Short descriptive text snippets:
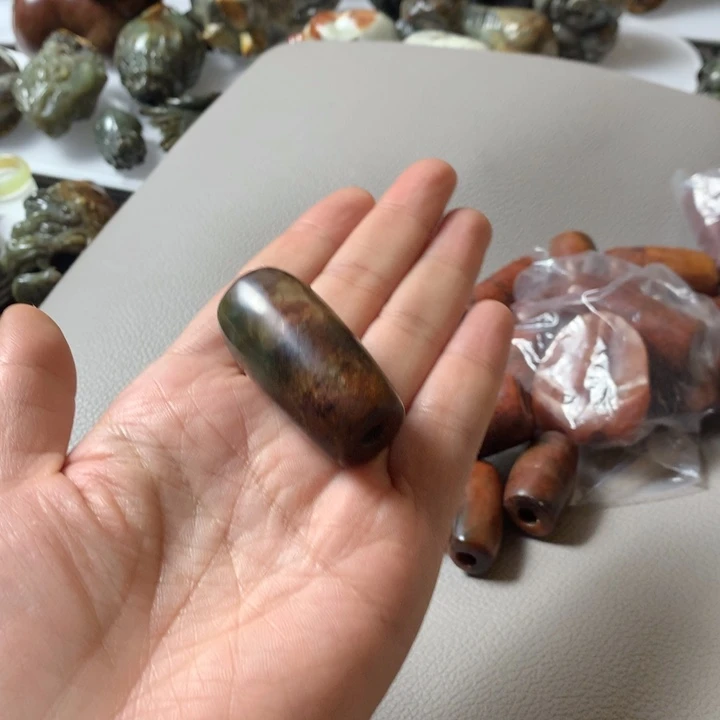 岫岩河磨玉（透闪石质玉）手链未镶嵌烟*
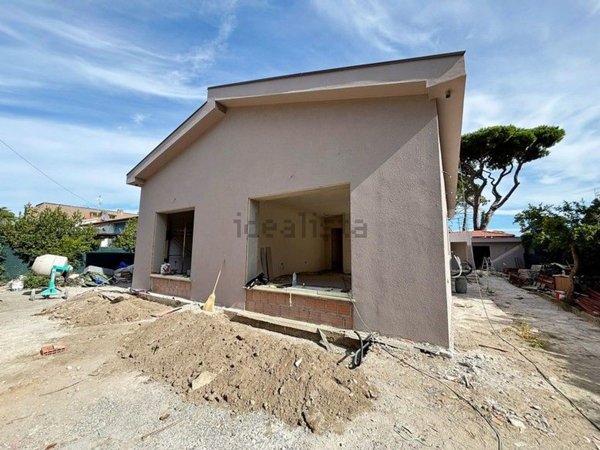 casa indipendente in vendita a Grosseto in zona Marina di Grosseto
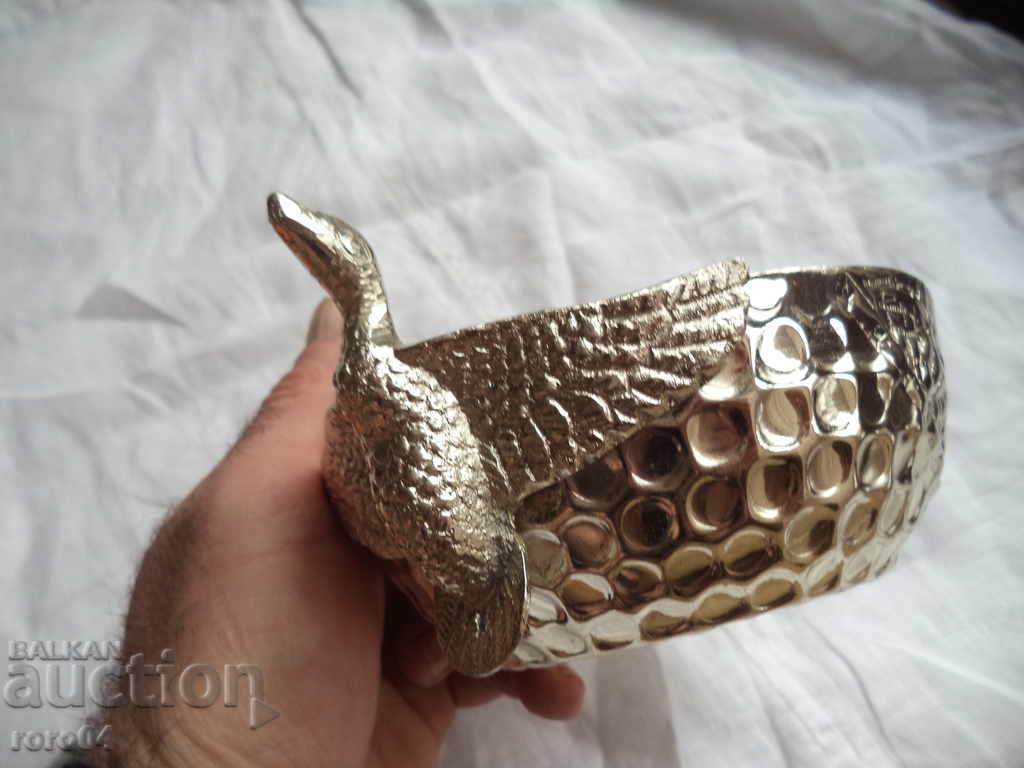 Auction TANEEZ PAKISTAN - BEAUTIFUL STAR PAKISTAN COURT WITH BIRDS Auction TANEEZ PAKISTAN - BEAUTIFUL STAR PAKISTAN COURT WITH BIRDS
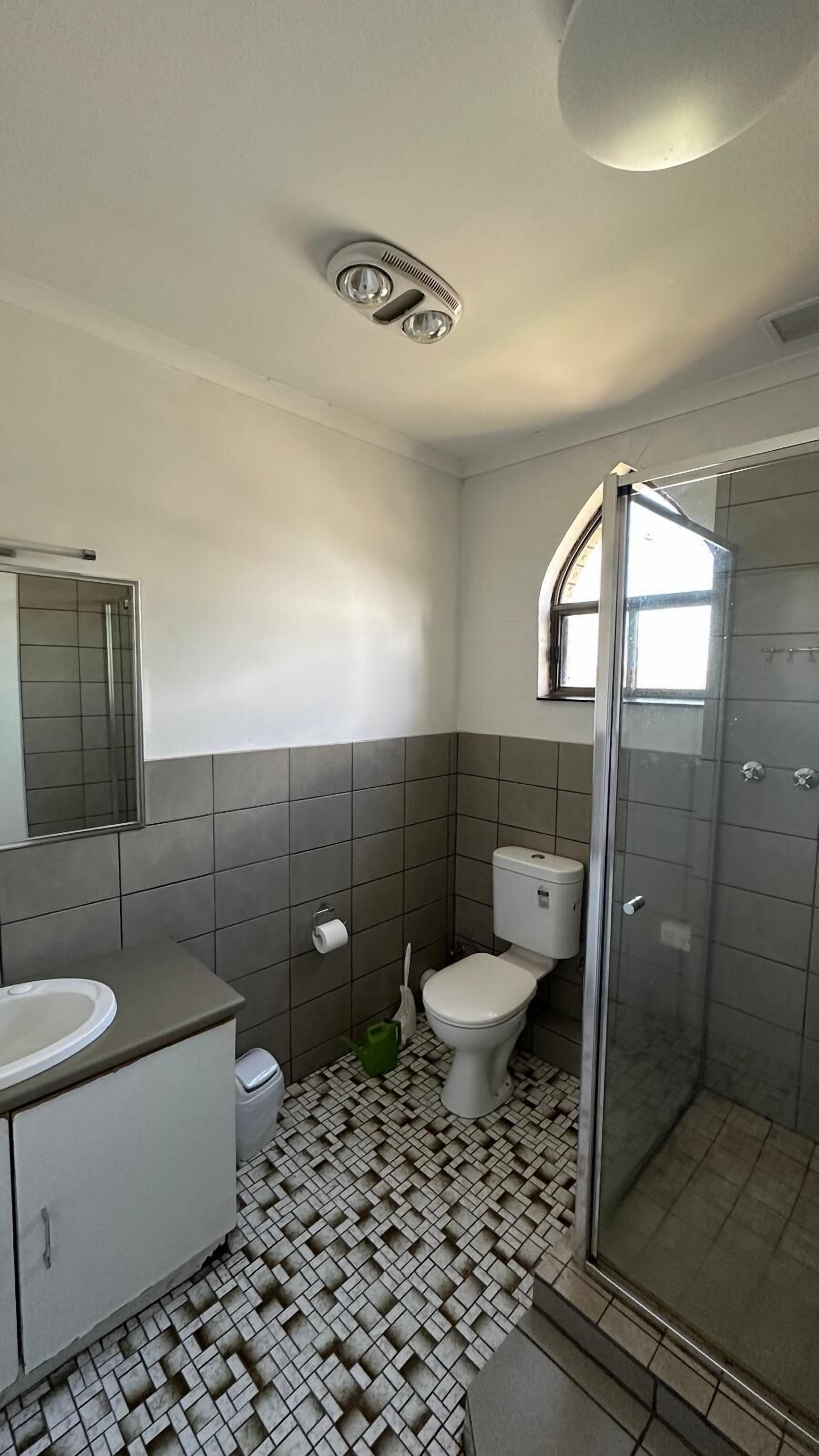 Basic Apartment, 3 Bedrooms | Bathroom | Hair dryer, towels, soap, shampoo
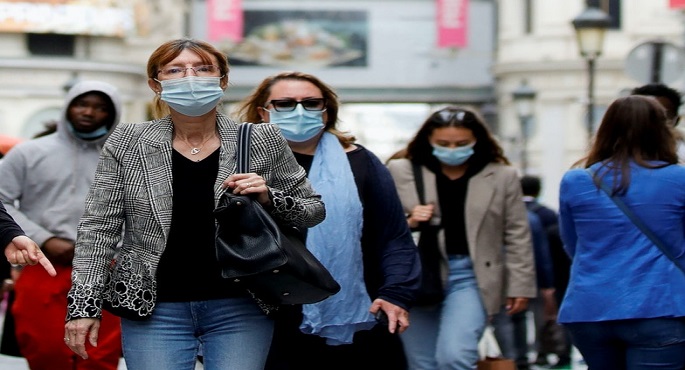 الجارديان: كبار مسئولي الصحة في بريطانيا ينصحون الحكومة بفرض تدابير لمواجهة أوميكرون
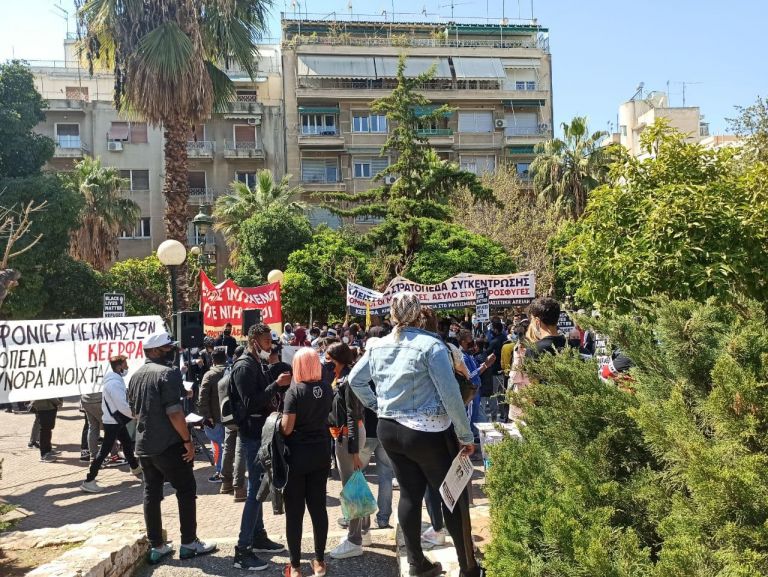 Συγκέντρωση διαμαρτυρίας στην Πλ. Αμερικής – «Stop στις δολοφονίες μεταναστών»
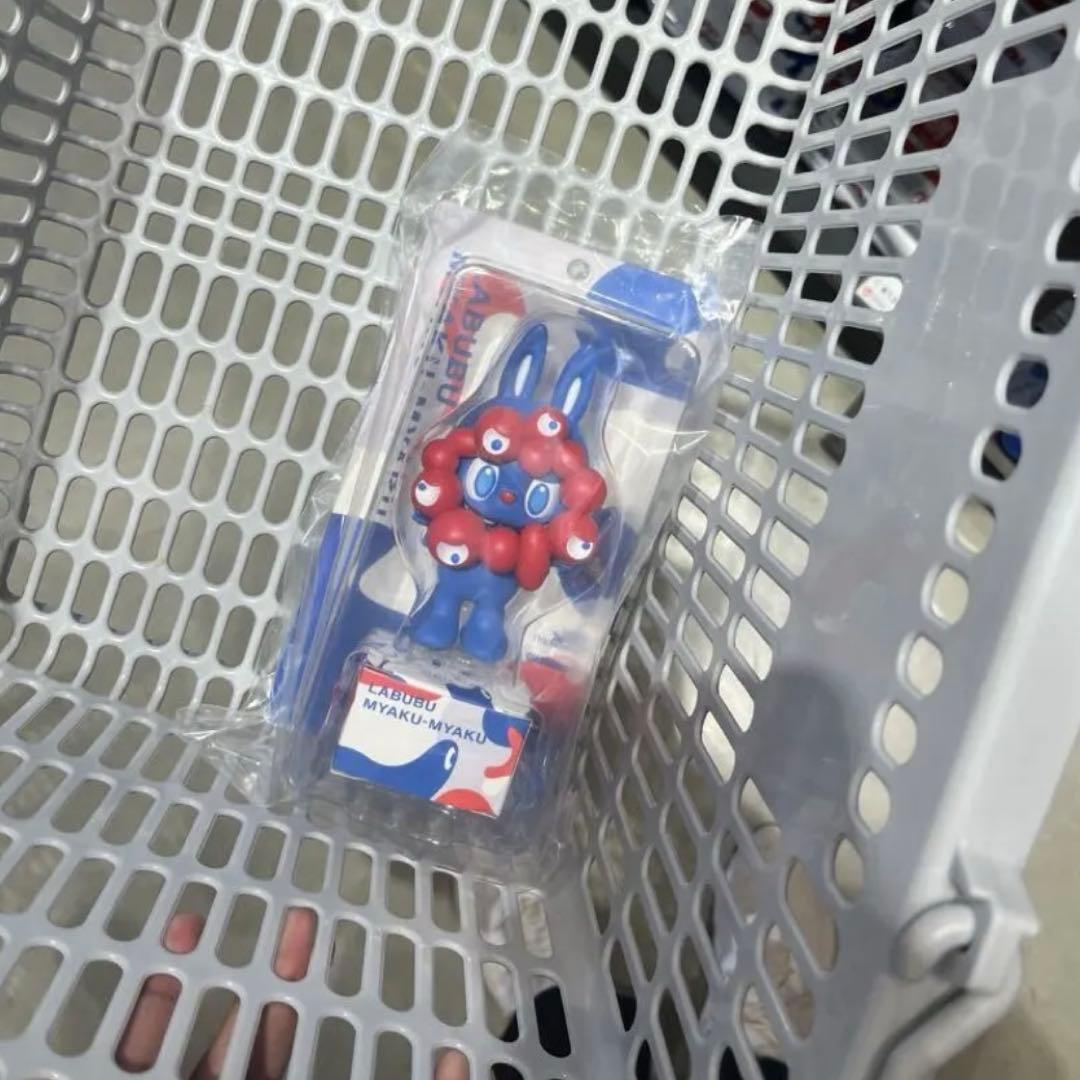 外箱美品◇LABUBU MYAKU-MYAKU ストラップ付フィギュア◇新品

» WORK TASK
Leave the pictures out. Transcribe exactly the lines from the one with "casa indipendente in" through the end of the records.

» ANSWER AREA
 casa indipendente in vendita a Grosseto in zona Marina di Grosseto
 Auction TANEEZ PAKISTAN - BEAUTIFUL STAR PAKISTAN COURT WITH BIRDS Auction TANEEZ PAKISTAN - BEAUTIFUL STAR PAKISTAN COURT WITH BIRDS
 Basic Apartment, 3 Bedrooms | Bathroom | Hair dryer, towels, soap, shampoo
 الجارديان: كبار مسئولي الصحة في بريطانيا ينصحون الحكومة بفرض تدابير لمواجهة أوميكرون
 Συγκέντρωση διαμαρτυρίας στην Πλ. Αμερικής – «Stop στις δολοφονίες μεταναστών»
 外箱美品◇LABUBU MYAKU-MYAKU ストラップ付フィギュア◇新品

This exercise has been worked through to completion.